Dataset below:

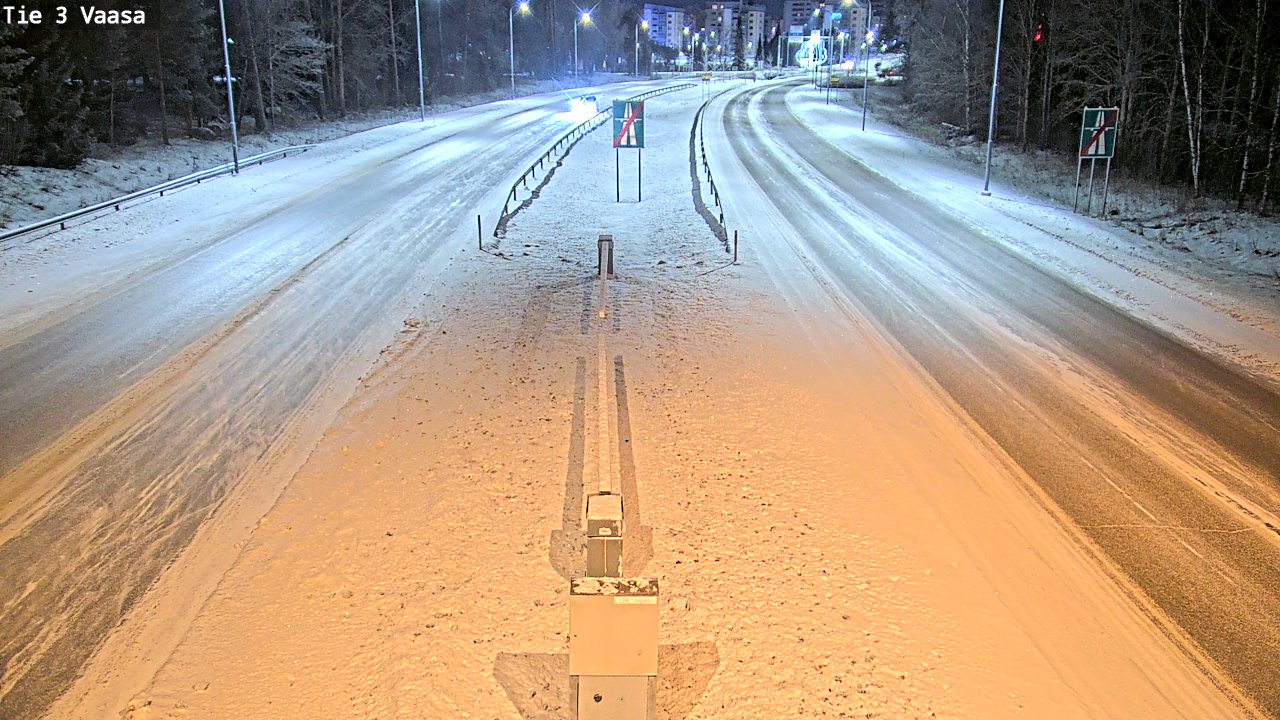 Kelikamerat Kuva Tie 3 Vaasa (puomi), Vaasa, Pohjanmaa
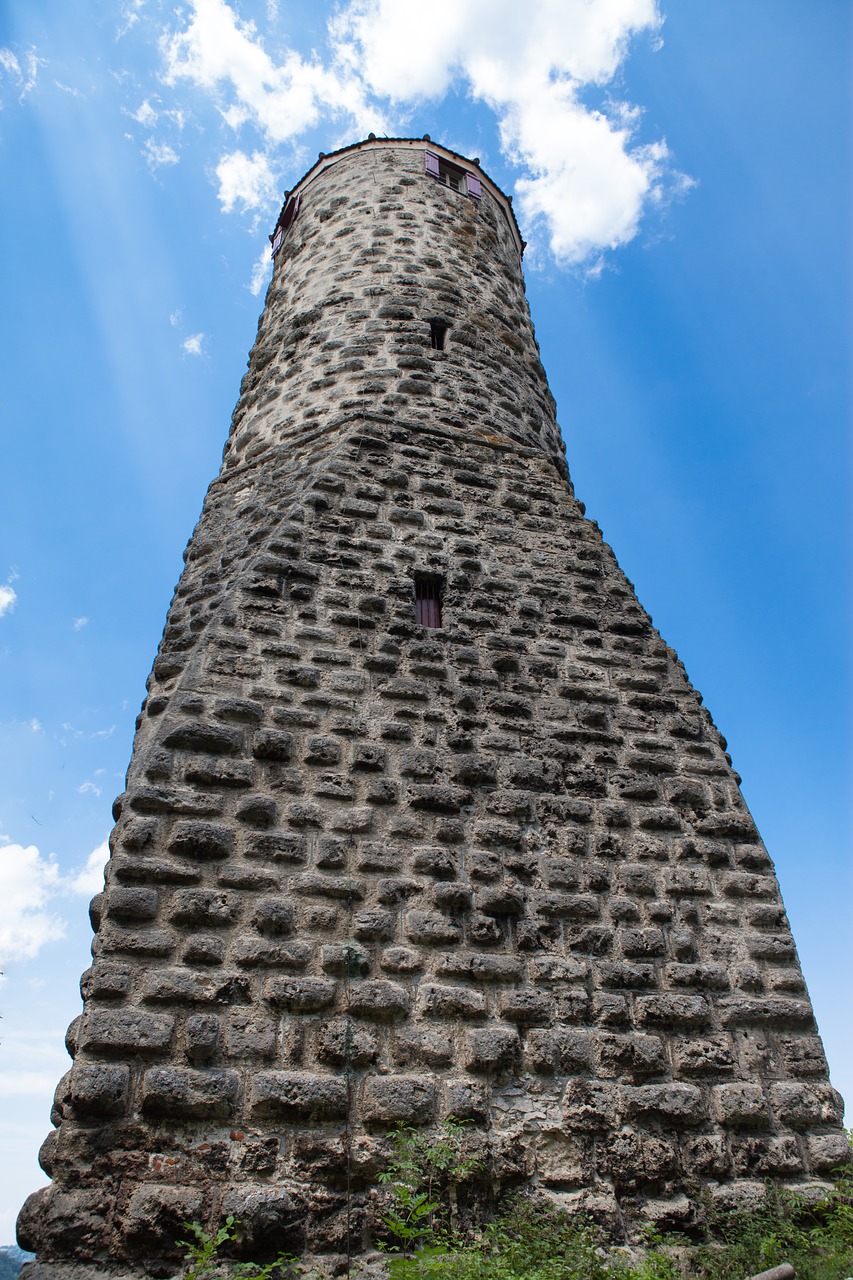 stone  tower  old free photo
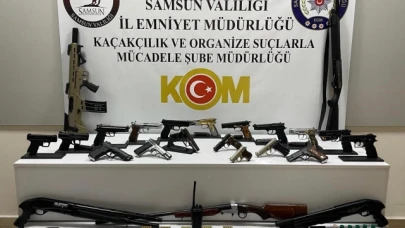 'Kafes' operasyonu: 8 kişi tutuklandı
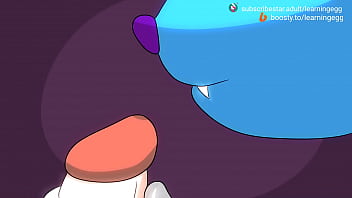 Preview 2 of Touch Dick Flashing - Alien cat girl stole guy and gets fucked hard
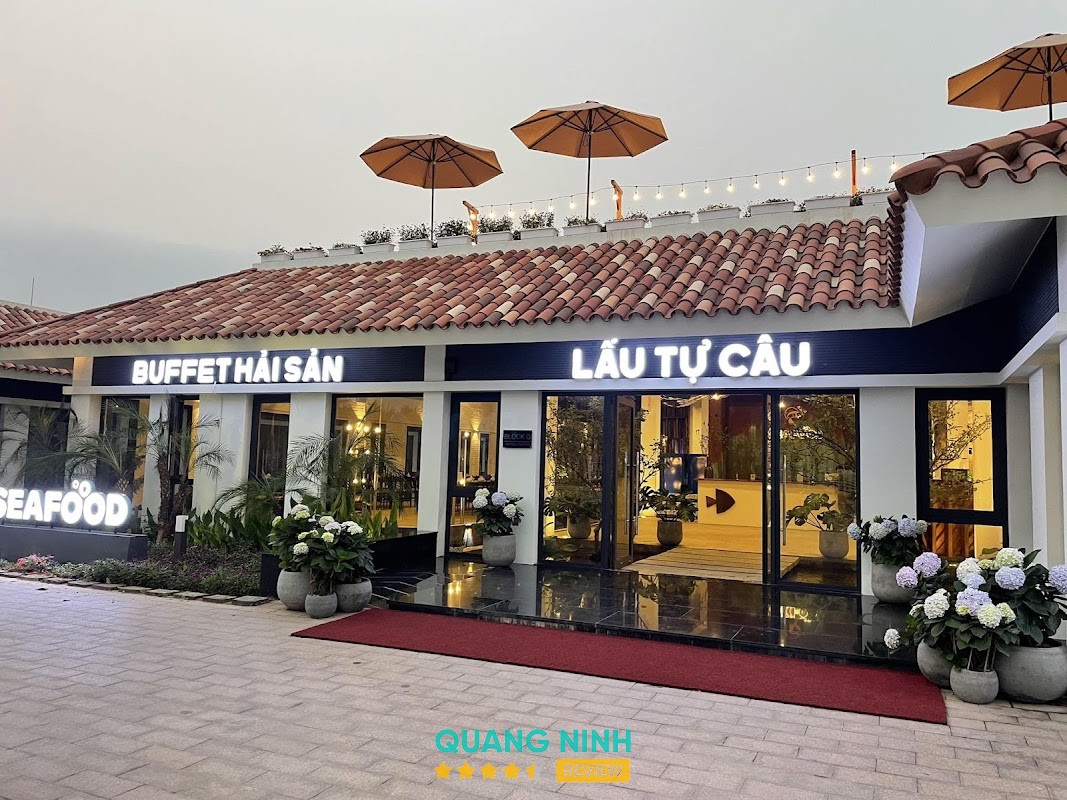 Nhà hàng Buffet Hải Sản Hạ Long - Lalabay Hạ Long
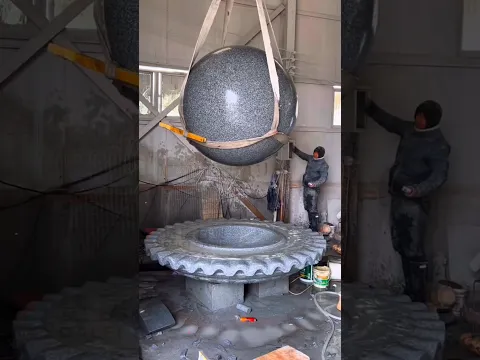 Floating Stone Fountain | #shorts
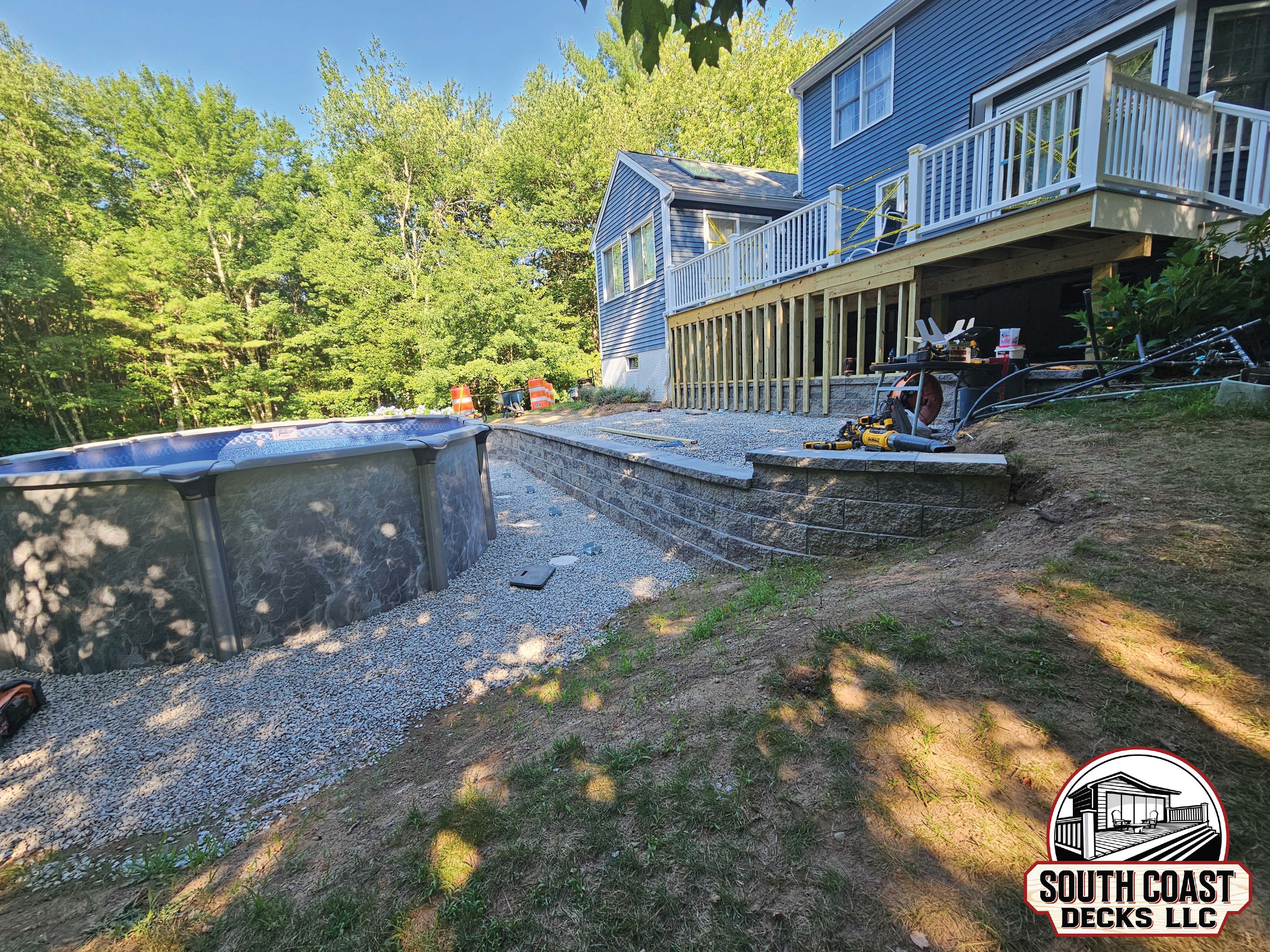  for South Coast Decks LLC in Mansfield, MA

End of Dataset.

[Your instructions]: In the records above, find the line that contains "Preview 2 of", then write it out along with every line after it, exactly, through the last one. Leave the pictures out.

[Final answer]:
 Preview 2 of Touch Dick Flashing - Alien cat girl stole guy and gets fucked hard
 Nhà hàng Buffet Hải Sản Hạ Long - Lalabay Hạ Long
 Floating Stone Fountain | #shorts
  for South Coast Decks LLC in Mansfield, MA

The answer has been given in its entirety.